Larry Watson of Alexandria helps people find their zone of genius, the point where their passions and their talents meet. A writer, speaker and “transformation coach,” he assists people undergoing a sudden change in life because of an illness, a job loss or the break-up of a relationship in identifying new opportunities with great potential.
“Unexpected change affects your identity in all sorts of ways,” Watson told members of the Florence Rotary Club at their meeting on Monday, March 3. “We all have an identity with a career,” so losing a job can be damaging to one’s self-esteem and sense of purpose, he said.
Watson found his zone of genius in the wake of heart problems that forced him to abandon a successful career as an artist. After earning a bachelor’s degree in industrial technology at Eastern Kentucky University, he worked as a graphic artist in a commercial printing business. He took a pottery class on a whim and it blossomed into a 24-year career in ceramic art filled with art fairs, exhibits and awards.
Then he was diagnosed with lymphoma and developed medical problems, which reduced his heart function to 15 percent at one point. He had to give up art, which initially was devastating.
“For an artist, identity runs deep,” Watson said. “There was suddenly a vacuum in my identity.”

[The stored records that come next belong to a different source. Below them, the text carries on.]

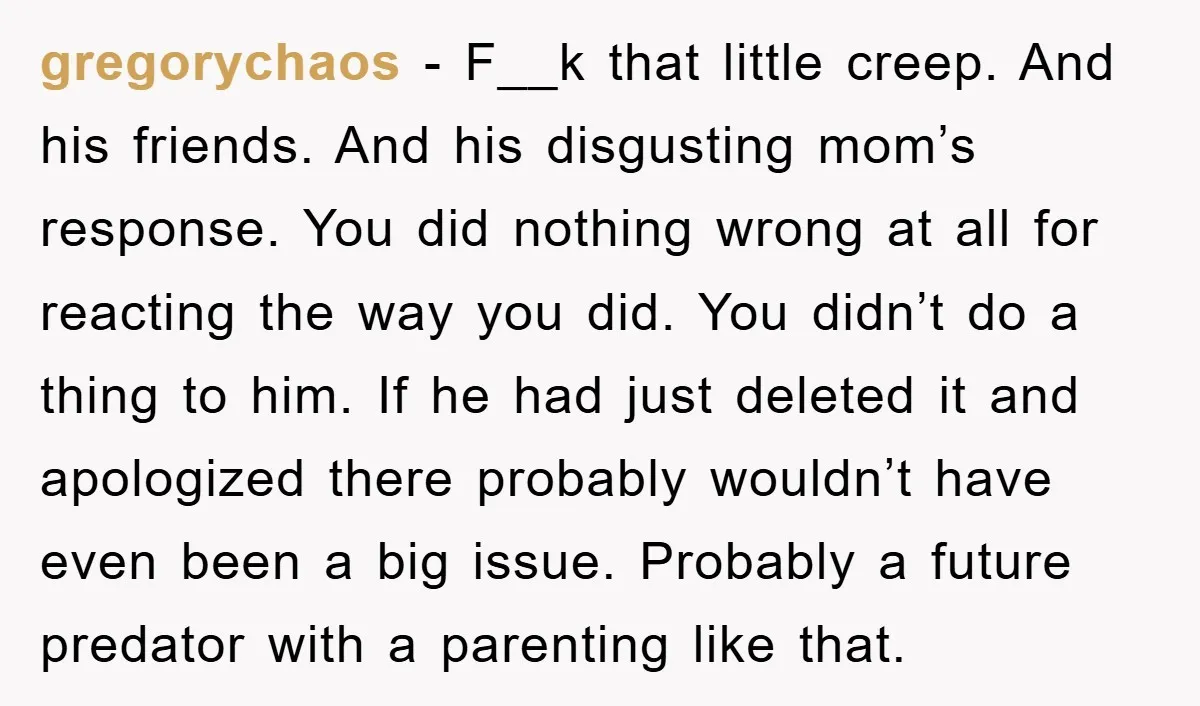gregorychaos − F__k that little creep. And his friends. And his disgusting mom’s response. You did nothing wrong at all for reacting the way you did. You didn’t do a...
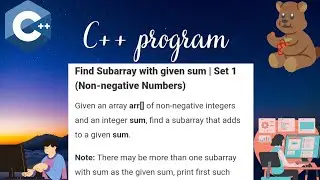 C++ program to Find Sub Array With Given sum 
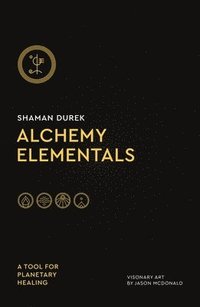 bokomslag Alchemy Elementals: A Tool for Planetary Healing
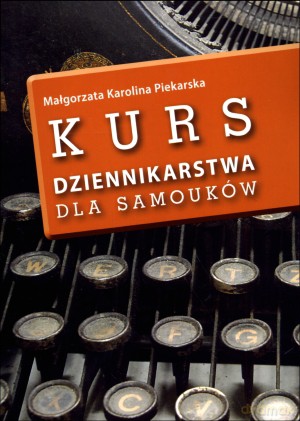 Kurs dziennikarstwa dla samouków - Małgorzata Karolina Piekarska [KSIĄŻKA]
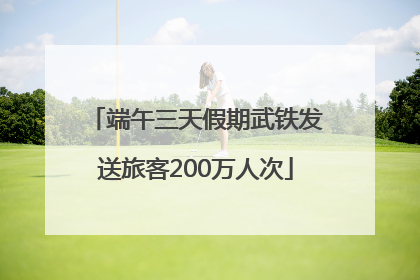 端午三天假期武铁发送旅客200万人次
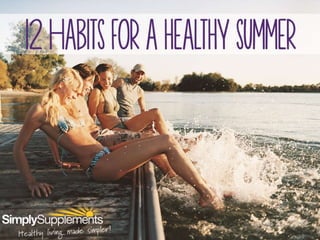 12 Habits for a Healthy Summer
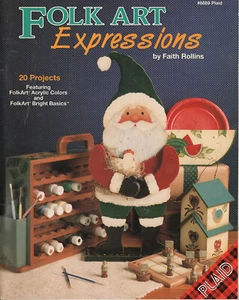 Folk Art Expressions by Faith Rollins 20 Projects Tole Decorative Painting 1993 - Foto 1 di 1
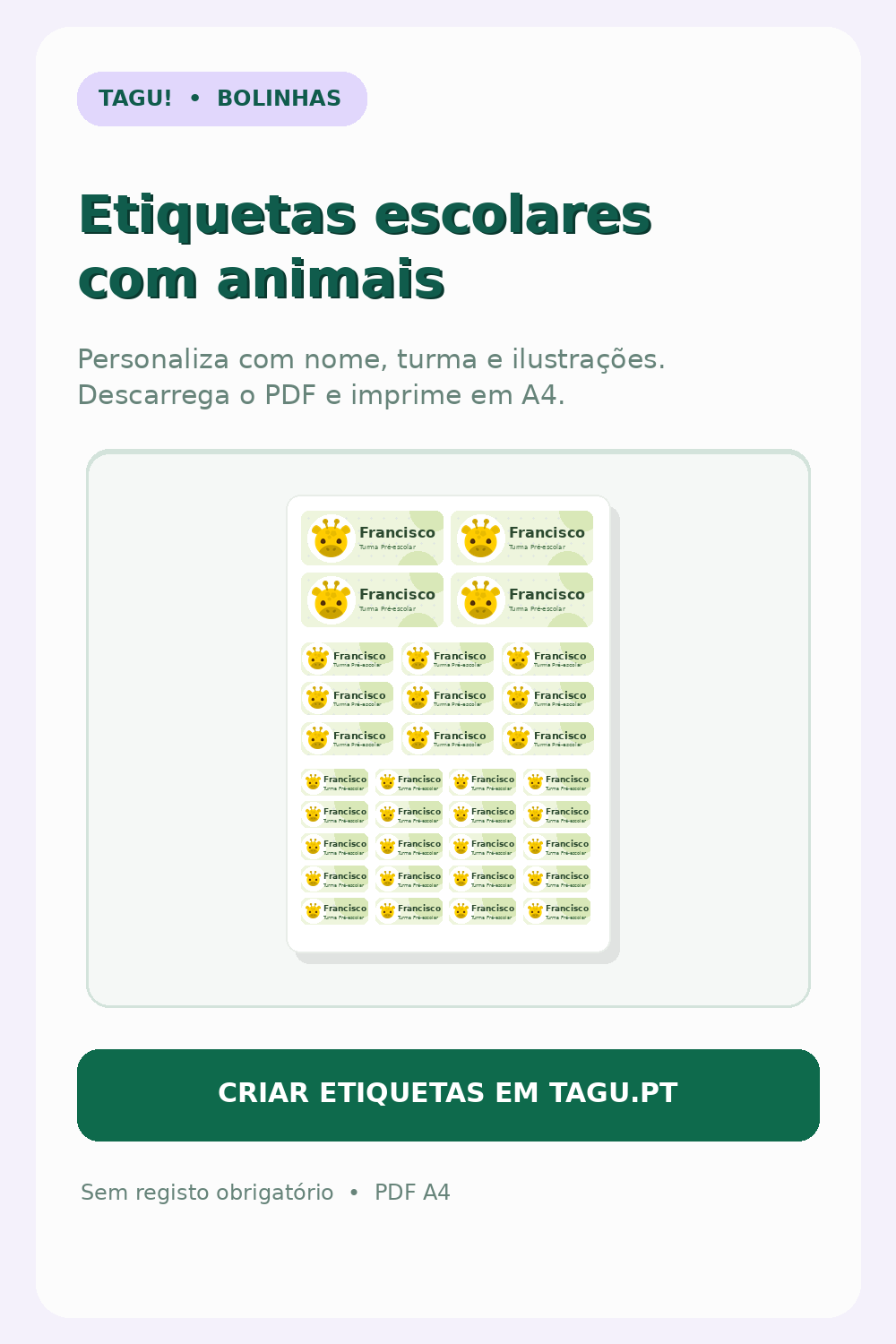Exemplo da folha de etiquetas do Tagu com 33 etiquetas de três tamanhos, ilustração de animal e padrão verde às bolinhas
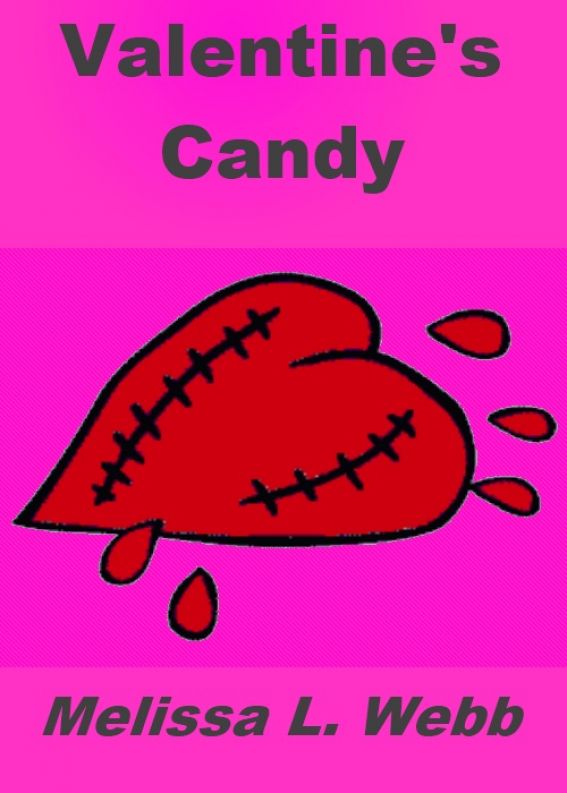 Valentine's Candy by Melissa L. Webb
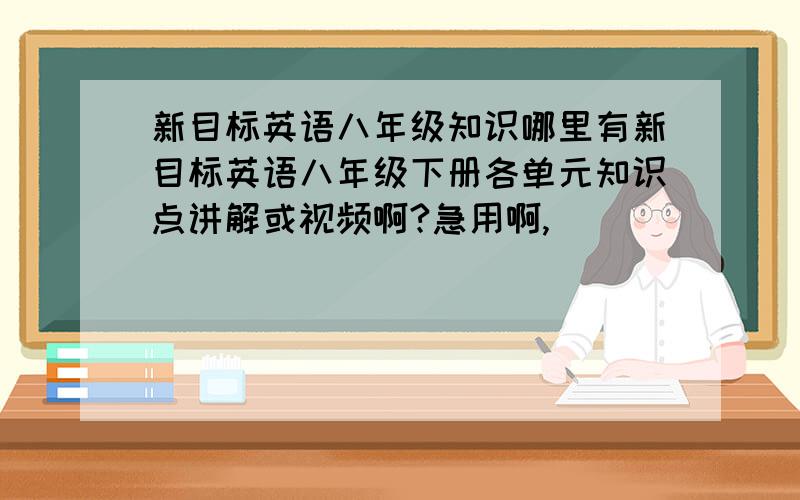 新目标英语八年级知识哪里有新目标英语八年级下册各单元知识点讲解或视频啊?急用啊,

As he searched for new direction and purpose, he began to study transformation coaching and found his passion. He also learned what traps people in the zone of excellence, what prevents them from using their strengths to best advantage.
Watson, an advisor in the Kentucky Peer Advisory Network of the Kentucky Arts Council, offered three tools to help reach people reach their greatest potential. First, become aware of options related to your passions. Second, overcome resistance to change that saps your energy and holds you in place. And, third, accept change as a positive opportunity; don’t just tolerate it as a detriment.
“In the zone of genius, you find out the essence of who you are,” Watson said. “That gives you power and energy, a feeling of success. We box ourselves in by thinking of the limits we have” instead of the potential.
“I am still creative in my business – just in a different business,” he said.
That creative intuition transformed him from an award-winning potter into passionate life coach and consultant.